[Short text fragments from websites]
▬▬▬▬▬▬▬▬▬▬

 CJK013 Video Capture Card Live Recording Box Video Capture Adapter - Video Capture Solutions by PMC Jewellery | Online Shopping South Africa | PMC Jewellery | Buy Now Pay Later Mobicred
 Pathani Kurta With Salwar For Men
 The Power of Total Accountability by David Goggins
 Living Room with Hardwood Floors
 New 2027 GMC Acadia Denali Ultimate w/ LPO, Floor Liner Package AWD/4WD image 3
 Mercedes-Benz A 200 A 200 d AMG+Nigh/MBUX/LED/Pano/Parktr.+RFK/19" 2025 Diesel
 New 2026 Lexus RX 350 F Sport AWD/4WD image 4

▬▬▬▬▬▬▬▬▬▬

▶ [WHAT IS REQUIRED] Give the data again, unchanged in every line.

▶ [COMPLETED EXERCISE]
 CJK013 Video Capture Card Live Recording Box Video Capture Adapter - Video Capture Solutions by PMC Jewellery | Online Shopping South Africa | PMC Jewellery | Buy Now Pay Later Mobicred
 Pathani Kurta With Salwar For Men
 The Power of Total Accountability by David Goggins
 Living Room with Hardwood Floors
 New 2027 GMC Acadia Denali Ultimate w/ LPO, Floor Liner Package AWD/4WD image 3
 Mercedes-Benz A 200 A 200 d AMG+Nigh/MBUX/LED/Pano/Parktr.+RFK/19" 2025 Diesel
 New 2026 Lexus RX 350 F Sport AWD/4WD image 4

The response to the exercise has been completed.